For 16 days in November, students at Chief Paul Memorial School in Kipnuk stayed home from school and studied remotely. But on Nov. 18, in-person learning resumed as teachers returned to Kipnuk.
The village traditional tribal council formally banished the school’s longtime principal at the end of October. Principal LaDorothy Lightfoot and several teachers left with her on planes chartered by the Lower Kuskokwim School District. It’s unclear how many of those teachers have returned. There appear to be about 200 enrolled students in the school, where Lightfoot had been for several years.

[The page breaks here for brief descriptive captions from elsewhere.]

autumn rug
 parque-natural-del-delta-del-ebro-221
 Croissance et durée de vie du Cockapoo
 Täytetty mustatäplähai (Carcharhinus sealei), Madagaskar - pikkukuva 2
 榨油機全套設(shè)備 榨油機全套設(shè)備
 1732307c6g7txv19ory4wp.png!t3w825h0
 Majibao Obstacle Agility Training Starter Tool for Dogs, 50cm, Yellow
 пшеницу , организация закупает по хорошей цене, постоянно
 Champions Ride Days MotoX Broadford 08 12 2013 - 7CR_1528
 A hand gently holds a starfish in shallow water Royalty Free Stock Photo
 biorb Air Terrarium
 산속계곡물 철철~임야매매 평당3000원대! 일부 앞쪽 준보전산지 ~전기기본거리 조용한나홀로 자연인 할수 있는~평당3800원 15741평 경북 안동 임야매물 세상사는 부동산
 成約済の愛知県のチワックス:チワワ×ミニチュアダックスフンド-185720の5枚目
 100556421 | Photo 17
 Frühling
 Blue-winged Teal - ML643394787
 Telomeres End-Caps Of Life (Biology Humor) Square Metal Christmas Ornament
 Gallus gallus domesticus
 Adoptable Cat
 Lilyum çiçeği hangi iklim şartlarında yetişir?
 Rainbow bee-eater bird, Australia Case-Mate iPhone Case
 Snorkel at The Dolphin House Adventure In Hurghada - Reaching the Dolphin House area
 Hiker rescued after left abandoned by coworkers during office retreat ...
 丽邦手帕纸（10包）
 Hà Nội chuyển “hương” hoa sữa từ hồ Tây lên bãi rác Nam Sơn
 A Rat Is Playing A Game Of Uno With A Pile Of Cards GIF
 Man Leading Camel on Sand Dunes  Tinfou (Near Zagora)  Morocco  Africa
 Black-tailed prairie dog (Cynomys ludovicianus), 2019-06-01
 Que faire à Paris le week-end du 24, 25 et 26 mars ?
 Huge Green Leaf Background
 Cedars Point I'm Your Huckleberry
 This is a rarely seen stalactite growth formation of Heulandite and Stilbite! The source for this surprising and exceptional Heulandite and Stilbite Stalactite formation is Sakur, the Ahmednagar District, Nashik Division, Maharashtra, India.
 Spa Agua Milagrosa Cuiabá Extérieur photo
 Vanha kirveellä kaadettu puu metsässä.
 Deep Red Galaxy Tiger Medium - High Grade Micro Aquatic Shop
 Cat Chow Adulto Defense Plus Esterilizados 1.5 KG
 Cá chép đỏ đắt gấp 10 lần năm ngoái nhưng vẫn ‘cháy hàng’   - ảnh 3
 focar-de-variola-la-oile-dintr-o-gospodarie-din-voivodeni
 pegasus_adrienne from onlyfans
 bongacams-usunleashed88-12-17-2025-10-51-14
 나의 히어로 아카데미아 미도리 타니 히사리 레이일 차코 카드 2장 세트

Chief Paul Memorial School is not a high-performing school. The building, however, is newly constructed in 2014, as one of the rural schools that were part of the Kasayulie v. Alaska settlement that provided new schools across rural Alaska, where many schools were substandard and in places with no tax base to pay for school construction.
Among all grades at the Chief Paul, a K-12 school, fewer than 5% of the students scored “advanced or proficient” in English Language Arts, and fewer than 5% scored “advanced or proficient” in Math. 95% of the students scored “approaching proficiency/needs support” in these core areas on the Alaska System of Academic Readiness (AKSTAR) tests, which are given to students statewide. The graduation rate, however, is 100%.
Lightfoot is still listed as the site administrator for the Chief Paul Memorial School, which is part of the Lower Kuskokwim School District, but she is no longer in the village and the district is not disclosing if she is still on payroll. After being open just four days for in-person classes this month, the school is closed for the long Thanksgiving holiday weekend, but classes are expected to resume on Monday.